_Exercise instructions_
Below is a listing. Quote from it, exactly, the lines from the one containing "Infografis Desa Siluman Sedot Dana Desa?" down to the one containing "Temperature Salinity Diagnostic", both ends included, and nothing else.

_Data extracts_
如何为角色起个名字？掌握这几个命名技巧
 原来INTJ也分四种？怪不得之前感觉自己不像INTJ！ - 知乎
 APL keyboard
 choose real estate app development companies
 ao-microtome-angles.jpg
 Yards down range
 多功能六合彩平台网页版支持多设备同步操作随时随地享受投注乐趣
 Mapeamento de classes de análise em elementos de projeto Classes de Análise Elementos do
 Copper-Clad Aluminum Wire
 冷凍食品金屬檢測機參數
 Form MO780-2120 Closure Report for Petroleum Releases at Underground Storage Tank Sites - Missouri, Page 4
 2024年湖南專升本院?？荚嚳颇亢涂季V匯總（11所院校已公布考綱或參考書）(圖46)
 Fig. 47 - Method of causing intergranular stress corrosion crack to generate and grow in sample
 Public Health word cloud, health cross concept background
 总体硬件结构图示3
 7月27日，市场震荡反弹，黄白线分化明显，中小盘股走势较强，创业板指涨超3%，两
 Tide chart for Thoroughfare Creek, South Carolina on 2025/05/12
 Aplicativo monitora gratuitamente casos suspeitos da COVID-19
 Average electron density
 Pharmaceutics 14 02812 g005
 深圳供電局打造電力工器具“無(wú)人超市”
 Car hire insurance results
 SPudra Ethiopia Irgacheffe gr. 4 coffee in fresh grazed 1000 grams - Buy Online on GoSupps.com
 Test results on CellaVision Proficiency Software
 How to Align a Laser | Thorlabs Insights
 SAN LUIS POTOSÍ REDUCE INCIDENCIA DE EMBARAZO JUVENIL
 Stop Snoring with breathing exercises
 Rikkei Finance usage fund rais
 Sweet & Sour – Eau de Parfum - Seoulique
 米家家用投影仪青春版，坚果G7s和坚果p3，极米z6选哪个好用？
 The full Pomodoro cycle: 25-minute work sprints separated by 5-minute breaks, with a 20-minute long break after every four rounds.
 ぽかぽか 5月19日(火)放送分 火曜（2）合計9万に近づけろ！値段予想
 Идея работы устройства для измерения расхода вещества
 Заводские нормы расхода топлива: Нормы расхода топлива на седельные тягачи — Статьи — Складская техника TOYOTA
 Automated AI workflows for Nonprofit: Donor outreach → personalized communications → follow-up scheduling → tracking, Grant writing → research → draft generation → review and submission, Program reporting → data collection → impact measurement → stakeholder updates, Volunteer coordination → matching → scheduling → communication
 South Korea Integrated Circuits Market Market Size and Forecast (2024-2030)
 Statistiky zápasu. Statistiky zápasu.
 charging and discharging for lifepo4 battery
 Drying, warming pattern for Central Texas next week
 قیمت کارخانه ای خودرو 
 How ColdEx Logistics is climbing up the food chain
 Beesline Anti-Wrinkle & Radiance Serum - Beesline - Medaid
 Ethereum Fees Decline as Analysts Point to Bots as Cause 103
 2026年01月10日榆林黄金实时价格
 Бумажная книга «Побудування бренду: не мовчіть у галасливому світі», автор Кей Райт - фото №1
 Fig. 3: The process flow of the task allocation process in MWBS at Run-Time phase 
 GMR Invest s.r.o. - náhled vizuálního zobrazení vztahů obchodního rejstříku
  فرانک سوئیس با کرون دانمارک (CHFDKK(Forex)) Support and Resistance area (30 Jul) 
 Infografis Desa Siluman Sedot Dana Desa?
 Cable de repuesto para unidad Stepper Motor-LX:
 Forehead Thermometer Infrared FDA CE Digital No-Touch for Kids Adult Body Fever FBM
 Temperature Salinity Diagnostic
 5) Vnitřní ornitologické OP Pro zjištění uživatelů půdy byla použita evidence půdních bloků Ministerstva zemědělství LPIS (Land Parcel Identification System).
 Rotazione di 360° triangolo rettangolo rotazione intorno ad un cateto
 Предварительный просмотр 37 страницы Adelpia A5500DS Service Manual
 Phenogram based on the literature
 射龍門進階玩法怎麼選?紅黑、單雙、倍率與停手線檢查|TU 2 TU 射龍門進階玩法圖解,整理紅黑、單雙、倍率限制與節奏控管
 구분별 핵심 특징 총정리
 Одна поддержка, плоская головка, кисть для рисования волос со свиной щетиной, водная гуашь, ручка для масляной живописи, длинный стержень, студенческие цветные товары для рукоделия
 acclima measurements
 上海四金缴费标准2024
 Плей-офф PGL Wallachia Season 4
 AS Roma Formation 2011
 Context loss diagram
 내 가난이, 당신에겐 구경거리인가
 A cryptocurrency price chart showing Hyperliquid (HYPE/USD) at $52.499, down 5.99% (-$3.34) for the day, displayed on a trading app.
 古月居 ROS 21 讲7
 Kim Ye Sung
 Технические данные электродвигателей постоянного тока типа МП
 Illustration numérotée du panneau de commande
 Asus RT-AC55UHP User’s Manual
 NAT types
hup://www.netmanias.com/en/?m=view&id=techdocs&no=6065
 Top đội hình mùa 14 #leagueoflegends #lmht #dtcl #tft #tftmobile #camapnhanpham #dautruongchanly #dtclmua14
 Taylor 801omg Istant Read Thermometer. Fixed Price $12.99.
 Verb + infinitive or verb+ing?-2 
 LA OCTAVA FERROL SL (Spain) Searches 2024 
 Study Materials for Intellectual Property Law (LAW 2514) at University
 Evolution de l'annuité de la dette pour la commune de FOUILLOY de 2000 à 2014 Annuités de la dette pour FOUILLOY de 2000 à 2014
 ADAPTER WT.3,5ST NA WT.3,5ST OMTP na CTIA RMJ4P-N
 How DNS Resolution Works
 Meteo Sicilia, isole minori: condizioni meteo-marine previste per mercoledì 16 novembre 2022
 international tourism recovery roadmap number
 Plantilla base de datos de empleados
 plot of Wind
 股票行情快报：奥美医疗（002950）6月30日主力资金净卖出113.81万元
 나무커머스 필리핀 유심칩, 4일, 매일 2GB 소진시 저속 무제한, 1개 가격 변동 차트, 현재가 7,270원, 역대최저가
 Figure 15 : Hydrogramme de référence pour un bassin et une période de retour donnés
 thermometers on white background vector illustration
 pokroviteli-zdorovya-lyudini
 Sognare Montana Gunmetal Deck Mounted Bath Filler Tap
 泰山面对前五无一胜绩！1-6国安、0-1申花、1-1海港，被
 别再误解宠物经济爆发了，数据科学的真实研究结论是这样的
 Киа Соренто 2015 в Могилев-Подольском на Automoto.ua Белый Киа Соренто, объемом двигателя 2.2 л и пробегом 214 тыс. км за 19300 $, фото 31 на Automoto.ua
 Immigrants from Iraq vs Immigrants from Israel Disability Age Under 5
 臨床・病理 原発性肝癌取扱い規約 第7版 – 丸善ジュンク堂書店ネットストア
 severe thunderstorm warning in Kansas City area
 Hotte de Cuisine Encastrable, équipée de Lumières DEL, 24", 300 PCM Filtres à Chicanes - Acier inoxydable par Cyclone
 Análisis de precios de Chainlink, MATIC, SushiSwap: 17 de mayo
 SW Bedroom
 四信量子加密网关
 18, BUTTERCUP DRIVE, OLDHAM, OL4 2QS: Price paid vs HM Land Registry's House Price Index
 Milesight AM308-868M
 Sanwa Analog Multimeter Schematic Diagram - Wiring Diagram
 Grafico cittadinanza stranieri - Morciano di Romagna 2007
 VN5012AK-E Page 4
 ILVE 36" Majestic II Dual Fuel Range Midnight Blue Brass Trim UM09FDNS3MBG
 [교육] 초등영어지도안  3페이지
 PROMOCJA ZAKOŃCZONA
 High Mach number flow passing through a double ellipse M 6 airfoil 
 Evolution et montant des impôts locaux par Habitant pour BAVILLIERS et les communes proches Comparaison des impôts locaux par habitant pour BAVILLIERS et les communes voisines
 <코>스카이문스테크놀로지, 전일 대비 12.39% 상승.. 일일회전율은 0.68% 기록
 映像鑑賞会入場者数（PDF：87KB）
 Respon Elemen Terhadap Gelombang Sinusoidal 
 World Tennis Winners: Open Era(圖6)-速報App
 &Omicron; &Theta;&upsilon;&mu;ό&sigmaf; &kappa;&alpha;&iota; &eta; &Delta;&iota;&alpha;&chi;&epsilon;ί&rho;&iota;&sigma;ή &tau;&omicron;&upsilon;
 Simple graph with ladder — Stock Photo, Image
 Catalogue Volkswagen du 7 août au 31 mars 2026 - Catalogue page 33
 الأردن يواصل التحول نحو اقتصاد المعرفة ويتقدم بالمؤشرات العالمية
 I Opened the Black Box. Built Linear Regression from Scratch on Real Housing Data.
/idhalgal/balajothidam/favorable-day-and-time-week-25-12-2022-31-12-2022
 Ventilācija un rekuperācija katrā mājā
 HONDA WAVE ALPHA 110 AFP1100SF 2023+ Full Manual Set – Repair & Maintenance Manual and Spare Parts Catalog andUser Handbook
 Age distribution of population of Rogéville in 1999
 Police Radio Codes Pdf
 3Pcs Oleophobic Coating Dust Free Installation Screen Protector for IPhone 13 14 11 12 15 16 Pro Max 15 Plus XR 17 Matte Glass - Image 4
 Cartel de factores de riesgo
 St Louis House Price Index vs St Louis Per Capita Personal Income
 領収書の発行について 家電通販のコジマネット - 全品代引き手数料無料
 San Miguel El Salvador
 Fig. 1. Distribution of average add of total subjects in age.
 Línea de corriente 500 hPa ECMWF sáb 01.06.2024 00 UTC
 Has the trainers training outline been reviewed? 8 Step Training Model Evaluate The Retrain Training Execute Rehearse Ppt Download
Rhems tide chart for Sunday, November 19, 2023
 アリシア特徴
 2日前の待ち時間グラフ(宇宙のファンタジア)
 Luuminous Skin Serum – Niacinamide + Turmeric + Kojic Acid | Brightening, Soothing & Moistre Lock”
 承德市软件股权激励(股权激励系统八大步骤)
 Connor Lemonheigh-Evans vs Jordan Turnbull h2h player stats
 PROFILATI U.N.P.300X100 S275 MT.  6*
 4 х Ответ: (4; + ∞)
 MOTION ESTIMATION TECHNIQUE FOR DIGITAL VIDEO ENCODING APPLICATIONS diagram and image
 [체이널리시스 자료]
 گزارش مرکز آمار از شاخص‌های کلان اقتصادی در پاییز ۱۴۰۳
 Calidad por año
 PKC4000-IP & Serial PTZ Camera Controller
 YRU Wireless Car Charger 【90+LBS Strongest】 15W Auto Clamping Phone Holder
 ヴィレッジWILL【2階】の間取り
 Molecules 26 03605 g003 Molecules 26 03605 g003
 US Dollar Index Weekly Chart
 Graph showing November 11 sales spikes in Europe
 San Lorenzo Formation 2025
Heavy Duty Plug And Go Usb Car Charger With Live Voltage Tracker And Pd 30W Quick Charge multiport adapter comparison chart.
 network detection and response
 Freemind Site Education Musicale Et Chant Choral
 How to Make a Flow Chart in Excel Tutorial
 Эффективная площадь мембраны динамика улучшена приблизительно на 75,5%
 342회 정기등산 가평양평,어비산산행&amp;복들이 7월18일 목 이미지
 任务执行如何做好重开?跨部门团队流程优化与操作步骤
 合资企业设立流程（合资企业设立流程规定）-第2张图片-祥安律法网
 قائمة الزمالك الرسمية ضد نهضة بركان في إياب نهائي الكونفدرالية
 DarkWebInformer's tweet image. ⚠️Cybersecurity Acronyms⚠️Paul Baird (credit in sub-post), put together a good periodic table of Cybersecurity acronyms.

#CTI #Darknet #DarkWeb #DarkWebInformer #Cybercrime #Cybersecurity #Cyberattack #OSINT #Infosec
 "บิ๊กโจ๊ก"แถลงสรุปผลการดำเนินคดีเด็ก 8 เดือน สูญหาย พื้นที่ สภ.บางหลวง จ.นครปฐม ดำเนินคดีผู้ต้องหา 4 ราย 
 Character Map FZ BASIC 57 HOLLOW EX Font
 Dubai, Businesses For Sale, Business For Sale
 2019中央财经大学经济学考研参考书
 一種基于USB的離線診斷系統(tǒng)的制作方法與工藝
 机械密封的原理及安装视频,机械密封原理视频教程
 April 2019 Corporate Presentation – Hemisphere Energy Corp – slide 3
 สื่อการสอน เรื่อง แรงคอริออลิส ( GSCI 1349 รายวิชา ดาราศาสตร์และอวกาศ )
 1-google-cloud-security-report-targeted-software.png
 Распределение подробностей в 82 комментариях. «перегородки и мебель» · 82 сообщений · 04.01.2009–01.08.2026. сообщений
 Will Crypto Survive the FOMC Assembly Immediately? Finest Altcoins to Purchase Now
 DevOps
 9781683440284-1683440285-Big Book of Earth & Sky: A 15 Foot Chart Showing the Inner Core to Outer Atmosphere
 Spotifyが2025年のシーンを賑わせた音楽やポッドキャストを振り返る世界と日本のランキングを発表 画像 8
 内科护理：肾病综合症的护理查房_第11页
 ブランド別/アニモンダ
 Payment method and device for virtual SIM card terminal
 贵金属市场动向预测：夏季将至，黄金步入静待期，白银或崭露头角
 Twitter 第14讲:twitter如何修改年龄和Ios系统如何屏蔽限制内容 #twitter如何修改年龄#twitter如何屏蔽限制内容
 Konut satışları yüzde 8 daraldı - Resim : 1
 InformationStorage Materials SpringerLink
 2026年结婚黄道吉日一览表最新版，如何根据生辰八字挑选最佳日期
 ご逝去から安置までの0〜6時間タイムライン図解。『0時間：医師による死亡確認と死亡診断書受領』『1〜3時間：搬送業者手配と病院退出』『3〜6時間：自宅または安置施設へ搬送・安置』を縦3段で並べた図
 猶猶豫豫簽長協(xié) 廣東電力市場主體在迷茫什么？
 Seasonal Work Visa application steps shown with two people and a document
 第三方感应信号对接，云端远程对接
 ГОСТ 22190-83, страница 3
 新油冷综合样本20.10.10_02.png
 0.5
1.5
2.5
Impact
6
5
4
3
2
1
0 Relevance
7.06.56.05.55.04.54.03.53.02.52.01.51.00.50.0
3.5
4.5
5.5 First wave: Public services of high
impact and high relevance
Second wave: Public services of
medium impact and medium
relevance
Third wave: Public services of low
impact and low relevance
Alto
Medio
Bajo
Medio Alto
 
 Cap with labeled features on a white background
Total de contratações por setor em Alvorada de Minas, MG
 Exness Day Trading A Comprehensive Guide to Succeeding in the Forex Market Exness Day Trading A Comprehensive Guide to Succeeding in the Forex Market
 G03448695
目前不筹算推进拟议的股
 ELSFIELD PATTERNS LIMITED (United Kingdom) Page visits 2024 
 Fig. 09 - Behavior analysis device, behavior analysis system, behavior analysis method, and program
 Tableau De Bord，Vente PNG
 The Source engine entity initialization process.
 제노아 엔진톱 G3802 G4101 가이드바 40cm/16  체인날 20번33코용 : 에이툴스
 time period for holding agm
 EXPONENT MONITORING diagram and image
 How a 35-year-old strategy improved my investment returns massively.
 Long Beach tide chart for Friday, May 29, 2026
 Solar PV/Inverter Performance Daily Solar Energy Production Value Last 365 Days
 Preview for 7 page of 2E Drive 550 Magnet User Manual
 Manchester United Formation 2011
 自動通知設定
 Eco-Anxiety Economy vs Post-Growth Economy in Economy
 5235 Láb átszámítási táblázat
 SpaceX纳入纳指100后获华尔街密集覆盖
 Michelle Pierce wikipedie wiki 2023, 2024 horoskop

_Answer to the exercise_
 Infografis Desa Siluman Sedot Dana Desa?
 Cable de repuesto para unidad Stepper Motor-LX:
 Forehead Thermometer Infrared FDA CE Digital No-Touch for Kids Adult Body Fever FBM
 Temperature Salinity Diagnostic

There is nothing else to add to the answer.